Federal finance ministers do not usually get demoted. Unlike most other cabinet posts, those assigned to it at a government's outset – Jim Flaherty under Stephen Harper, Paul Martin under Jean Chrétien, Michael Wilson under Brian Mulroney – tend to provide almost as great a sense of continuity as the prime ministers they serve.

So, as Mr. Morneau stumbled his way through an ill-conceived package of reforms aimed at closing tax loopholes, idle speculation about whether Mr. Trudeau might shuffle him out seemed little more than that. There would be no graceful way to get Mr. Morneau out of the job, and Mr. Trudeau seemed likelier to give him more chance to grow into it than to humiliate one of his most prized recruits.
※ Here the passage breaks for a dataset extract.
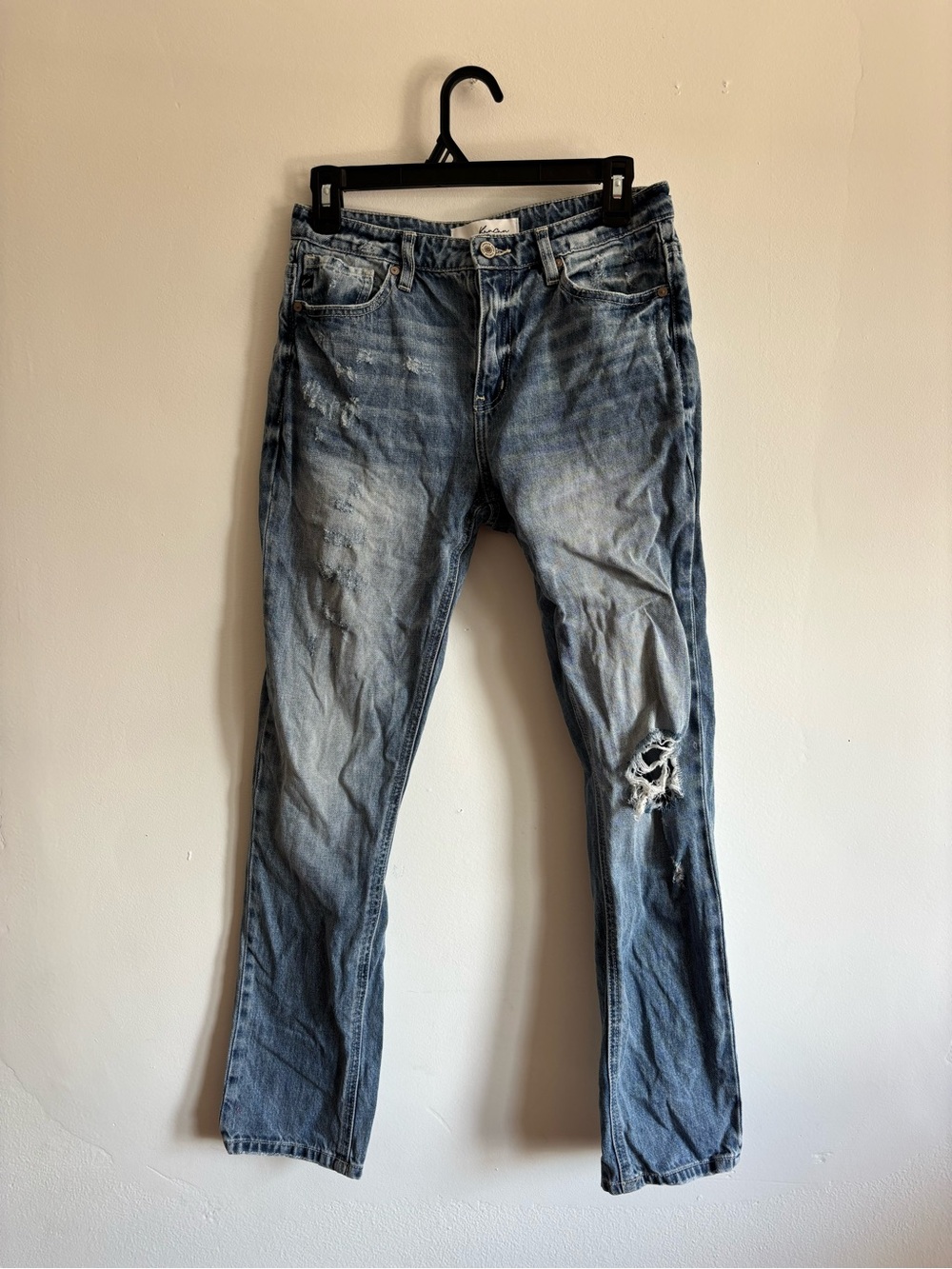 KanCan Light Blue Distressed Straight Leg Jeans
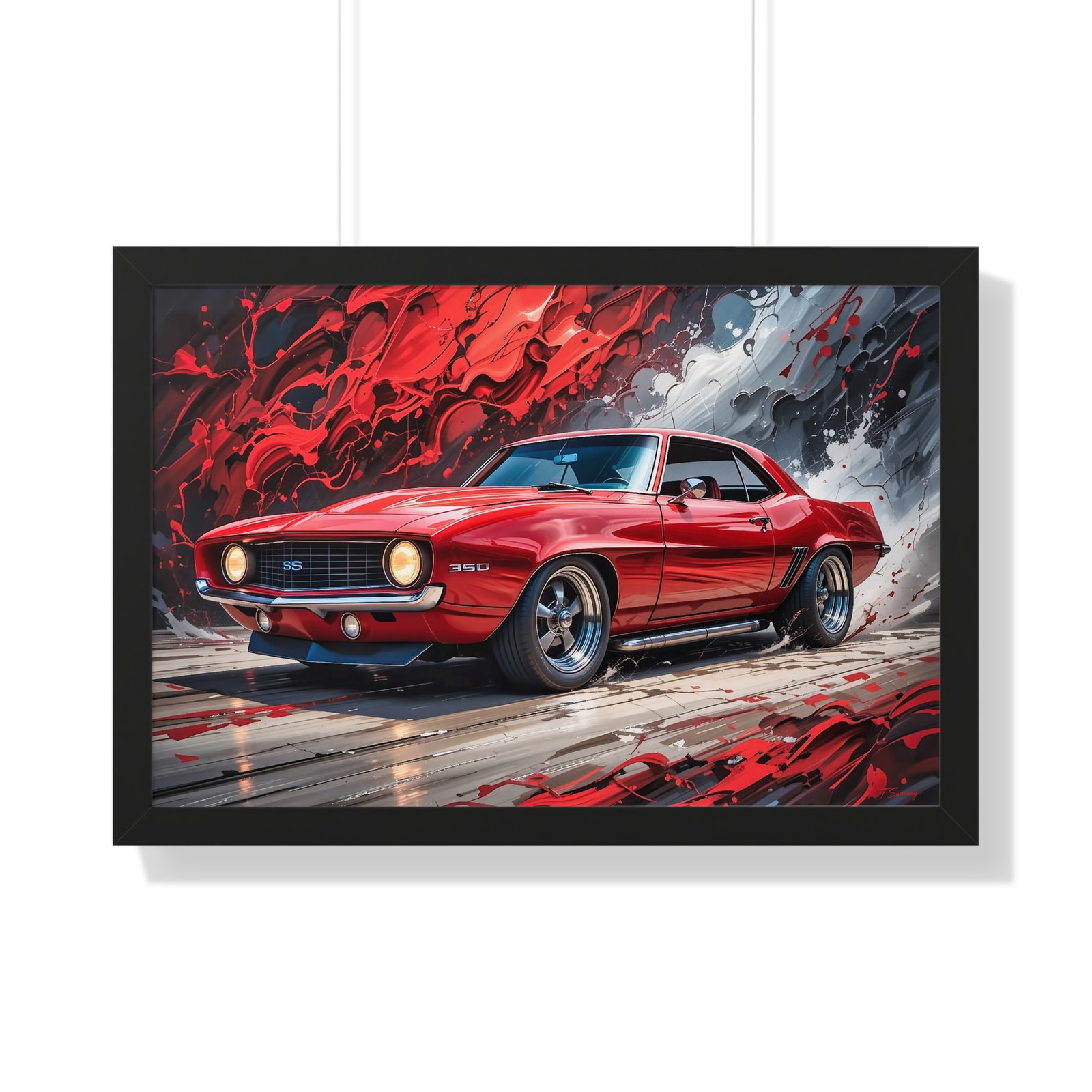 1969 Red Camaro SS Hot Rod Wall Art Framed Print with Textured Oil Paint Style Background | Studio Edition Collector’s Artwork - Image 7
Read more: Morneau says he reports finances to ethics commissioner, not to journalists

Read more: Bill Morneau's busy week

But this week, Mr. Morneau became more and more of a problem for the PM – not just because of revelations about how he managed his own finances after his appointment, but because of how he has responded to the controversy.

Even as he has announced that, after two years on the job, he will divest his shares in his family firm, Morneau Shepell, he has made abundantly clear that he does not think he did anything wrong. Taking apparent advantage of a loophole in ethics rules to avoid putting the shares in a blind trust, then proceeding with changes to private-pension regulation while maintaining active interest in a company that (among other things) sells private pensions – he could not really be faulted for that because he acted within the letter of the law as interpreted by the Ethics Commissioner.

"I, perhaps naively, thought that in Canada, following the rules and respecting the recommendations of the Ethics Commissioner … would be what Canadians would expect," Mr. Morneau said in Thursday's divestment announcement.

If that sounded passive-aggressive, he got aggressive-aggressive on Friday. "The process that we have in our country isn't that I report to journalists on my personal situation," he said when asked at a news conference about his use of numbered companies while minister, "it's that I report to the Ethics Commissioner."

That was probably not a talking point provided by the Prime Minister's Office. As Mr. Morneau this week appeared to be getting more defensive with each passing day, the people around Mr. Trudeau seemed to be increasingly aware the Finance Minister's foibles pointed to cultural problems they need to address.

Mr. Trudeau did defend his embattled treasurer earlier in the week, on the same basic premise that he relied in good faith on the Ethics Commissioner's advice. But as it wore on, senior Liberals did not, as they have on other matters, use social media to push back hard against criticism; there were few unsolicited testimonials to Mr. Morneau's great character, of the sort governments sometimes offer when a member of their ranks is under fire.

The quiet message being sent out by Mr. Trudeau's advisers was that the government deserves at least some of the grief it is getting, and has to learn from it.

For the better part of two years, a long honeymoon insulated the Liberals from the consequences of both growing pains and a creeping arrogance.

Inevitably, a cabinet heavy on political novices would make some mistakes. But if the government stayed focused on getting the big things right – a favourite mantra in the PMO – then surely little errors would not matter so much. And clearly, Canadians could tell that this was a government of earnest, service-oriented people, whose missteps would still be borne of good intentions.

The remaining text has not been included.